Required action
Each entry is to be given again exactly; drop the images.

--- Excerpted data ---

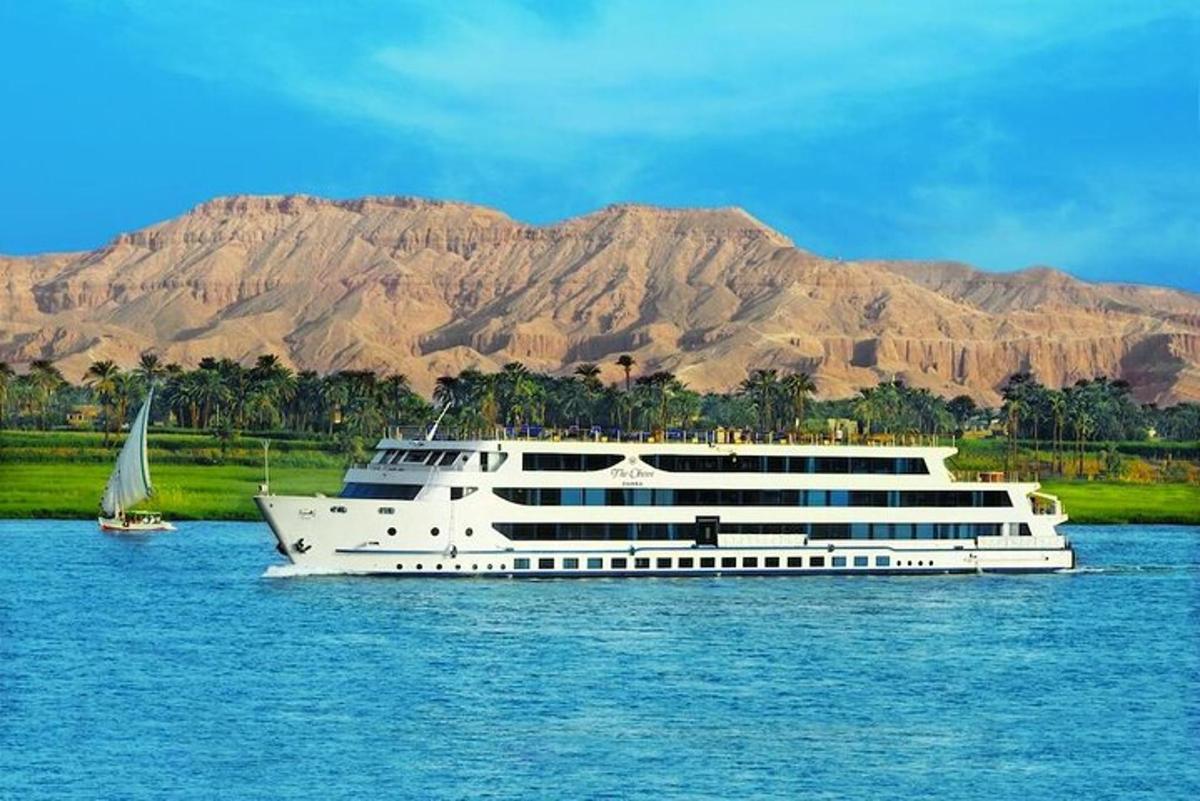 a large cruise ship on the water with a sailboat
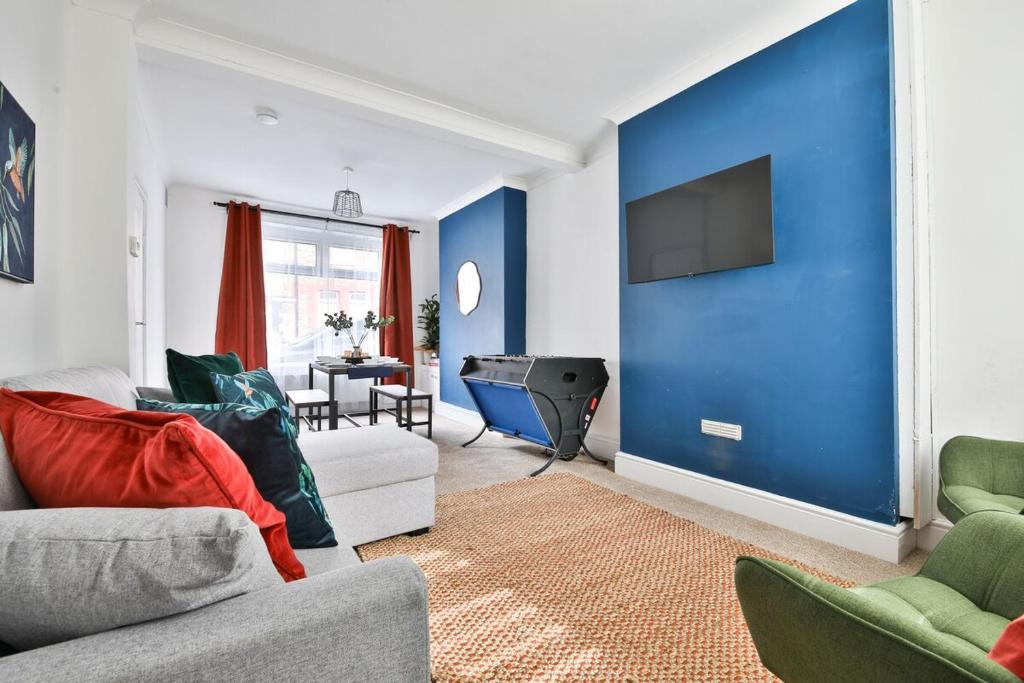 a living room with a blue wall and a tv at Cosy 3-Bedroom House Near Caerphilly Castle in Caerphilly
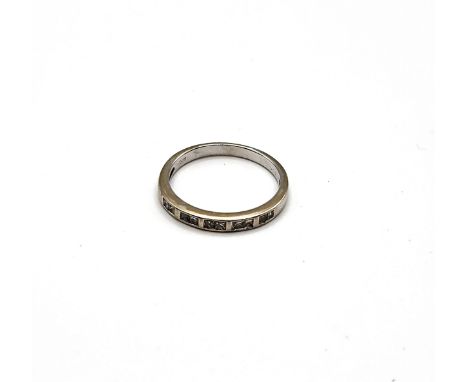 An 18ct white gold and diamond half eternity ring, marked 0.20 carat weight to shank, size K 1/2.&nbsp;2g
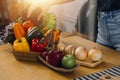 Happy couple using laptop computer preparing healthy food diet vegetable salad at home together. Woman and man are searching Royalty Free Stock Photo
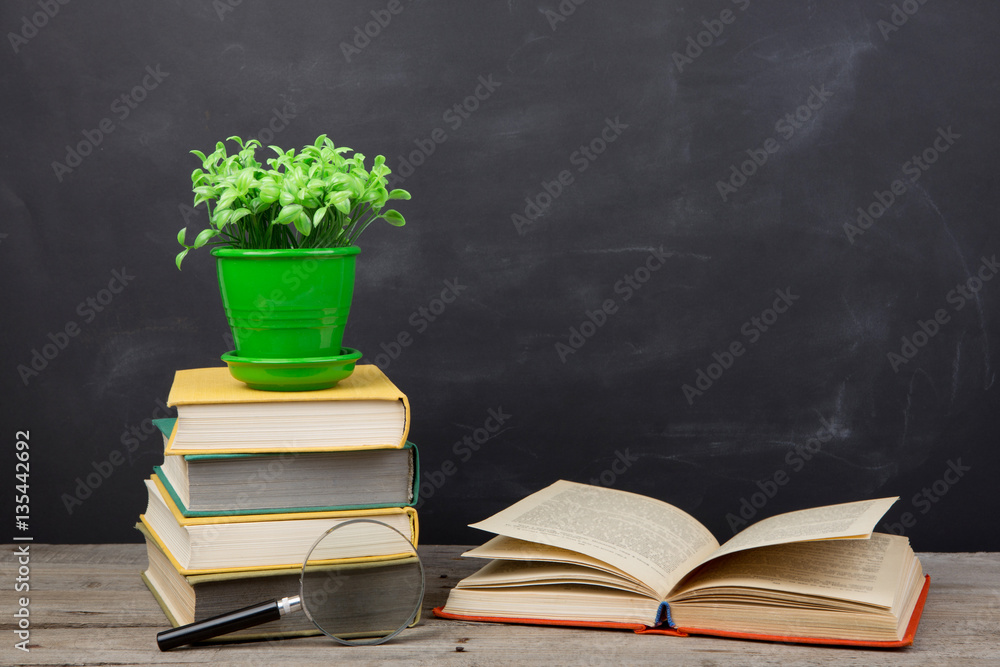 Education concept - books on the desk in the auditorium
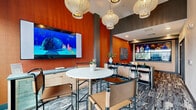 Located at 100 S 48th St in Phoenix, Arizona, this thoughtfully designed single-floor lounge space combines modern aesthetics with a warm, inviting ambiance across two distinct areas.

The living room is a standout gathering space anchored by a bold terracotta-toned accent wall featuring a distinctive scalloped texture pattern. A large-scale abstract painting adds artistic depth, while a plush olive-green sectional sofa with layered throw pillows provides comfortable seating. A multi-panel wall-mounted display system serves as a striking focal point, making this area ideal for entertainment and communal viewing. Patterned carpeting and a round dark wood coffee table complete the cozy, curated atmosphere.

The dining area offers a bright, open contrast with expansive floor-to-ceiling sliding glass windows that flood the room with natural light and frame views of the surrounding desert landscaping, including palm trees and gravel gardens. Warm wood-paneled walls add richness to the space, while a round bistro-style table paired with sleek metal-framed chairs creates an intimate setting. A wall-mounted television and a compact counter with storage provide additional functionality. The patterned area rug ties both zones together, reinforcing the space's cohesive and contemporary design identity.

---

Result of this exercise
 a large cruise ship on the water with a sailboat
 a living room with a blue wall and a tv at Cosy 3-Bedroom House Near Caerphilly Castle in Caerphilly
 An 18ct white gold and diamond half eternity ring, marked 0.20 carat weight to shank, size K 1/2.&nbsp;2g
 Happy couple using laptop computer preparing healthy food diet vegetable salad at home together. Woman and man are searching Royalty Free Stock Photo
 Education concept - books on the desk in the auditorium
 Located at 100 S 48th St in Phoenix, Arizona, this thoughtfully designed single-floor lounge space combines modern aesthetics with a warm, inviting ambiance across two distinct areas.

The living room is a standout gathering space anchored by a bold terracotta-toned accent wall featuring a distinctive scalloped texture pattern. A large-scale abstract painting adds artistic depth, while a plush olive-green sectional sofa with layered throw pillows provides comfortable seating. A multi-panel wall-mounted display system serves as a striking focal point, making this area ideal for entertainment and communal viewing. Patterned carpeting and a round dark wood coffee table complete the cozy, curated atmosphere.

The dining area offers a bright, open contrast with expansive floor-to-ceiling sliding glass windows that flood the room with natural light and frame views of the surrounding desert landscaping, including palm trees and gravel gardens. Warm wood-paneled walls add richness to the space, while a round bistro-style table paired with sleek metal-framed chairs creates an intimate setting. A wall-mounted television and a compact counter with storage provide additional functionality. The patterned area rug ties both zones together, reinforcing the space's cohesive and contemporary design identity.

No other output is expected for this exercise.